Our astronomer has been perusing a recent paper concerning the motion of stars in the center of our galaxy. The work demonstrates a number of things about how astronomy operates nowadays, as well as how science in general works.
First, some background for those who haven’t been studying the subject. The Milky Way galaxy, a vast flattened collection of stars to which our own Sun belongs, rotates around a center about twenty-five thousand light-years away. At the very center is an object called Sgr A*, pronounced “Sagittarius A-star,” which is very probably a black hole with a mass some four million times that of the Sun. Around Sgr A* there are many stars in orbit, some closer and some farther away. We know this not by looking with telescopes in visible light, because the dust and gas around the Galactic center hide details from our sight. Any observations have to be conducted in mid-infrared or longer wavelengths.

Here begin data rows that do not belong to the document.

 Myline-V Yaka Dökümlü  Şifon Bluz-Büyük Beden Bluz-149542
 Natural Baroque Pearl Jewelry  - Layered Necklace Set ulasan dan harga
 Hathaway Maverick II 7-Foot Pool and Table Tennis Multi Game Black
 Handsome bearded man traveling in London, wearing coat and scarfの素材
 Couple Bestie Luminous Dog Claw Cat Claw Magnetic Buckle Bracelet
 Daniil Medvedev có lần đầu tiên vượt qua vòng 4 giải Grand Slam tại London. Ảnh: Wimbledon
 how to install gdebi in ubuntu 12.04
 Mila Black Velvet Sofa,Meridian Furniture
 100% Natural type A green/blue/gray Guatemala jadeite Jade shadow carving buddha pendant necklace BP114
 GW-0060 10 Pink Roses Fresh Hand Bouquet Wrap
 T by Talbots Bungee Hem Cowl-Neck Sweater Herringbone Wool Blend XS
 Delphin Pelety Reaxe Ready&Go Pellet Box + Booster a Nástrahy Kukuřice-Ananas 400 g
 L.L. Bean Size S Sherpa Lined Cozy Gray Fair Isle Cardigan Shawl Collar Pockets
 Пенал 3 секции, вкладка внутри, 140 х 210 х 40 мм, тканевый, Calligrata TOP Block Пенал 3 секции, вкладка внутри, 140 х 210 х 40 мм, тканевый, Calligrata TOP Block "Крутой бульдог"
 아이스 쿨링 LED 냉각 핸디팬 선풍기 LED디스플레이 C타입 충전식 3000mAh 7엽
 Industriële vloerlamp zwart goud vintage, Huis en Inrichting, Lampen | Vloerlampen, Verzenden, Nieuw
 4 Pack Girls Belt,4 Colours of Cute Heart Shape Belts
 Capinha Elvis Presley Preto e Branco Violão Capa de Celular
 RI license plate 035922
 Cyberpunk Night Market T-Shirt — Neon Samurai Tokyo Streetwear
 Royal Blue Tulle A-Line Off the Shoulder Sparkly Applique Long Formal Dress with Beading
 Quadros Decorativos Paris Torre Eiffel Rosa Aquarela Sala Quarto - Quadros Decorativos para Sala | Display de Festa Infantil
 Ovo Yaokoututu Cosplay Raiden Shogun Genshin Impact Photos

One of the stars around Sgr A* goes by the unassuming name of S2. It has a highly eccentric orbit, taking it very close and outward again. Now, normally the orbits of stars are a matter for observation over many decades, because if they’re far enough from each other to be seen separately, they take a long time to go through their motions. But since Sgr A* is so massive S2 has to move very quickly, and it goes through an orbit large enough to be seen from Earth in some sixteen years.
Seen, but only by means possible in recent years. The authors observed in the infrared, as I mentioned. They also made use of adaptive optics, a technique (or a series of techniques) that removes much of the twinkling effect of our atmosphere. And they used interferometry, taking advantage of the wave nature of light to see very small details. Interferometry is routine among radio astronomers, but it’s much harder in the infrared and visible. Indeed, it turned out to be so difficult that interferometers built into the generation of large telescopes of the 1990s were thought to have been largely failures. (Perhaps that’s changing, as shown by this result.)
Another sign of the nature of modern astronomy is the list of authors, some 98 of them (listed in strict alphabetical order). The collaboration collected data using three different instruments, and their results required all of them.
What are their results? Briefly, that the orbit of S2 is accurately predicted by General Relativity, and entirely inconsistent with Newtonian mechanics. This is a great success.
But why? GR has already been proven to be accurate in many different places, in many different ways. In much stronger gravitational fields, in smaller and larger scales, it has passed all the tests set for it. (With the possible exception of dark matter, something we may write about in the future.) Why do it again?
Well, in part because tests of GR are hard. Newtonian physics is excellent for almost everywhere, under almost every set of conditions; it was not problems with experimental results that led Einstein to his equations a century ago. New ways to test them are always interesting. And this one uses a mass much larger than any previous test. It was possible that some deviation from GR would show up here more plainly than elsewhere.
Theories are never actually proven. They’re accepted until someone finds something better.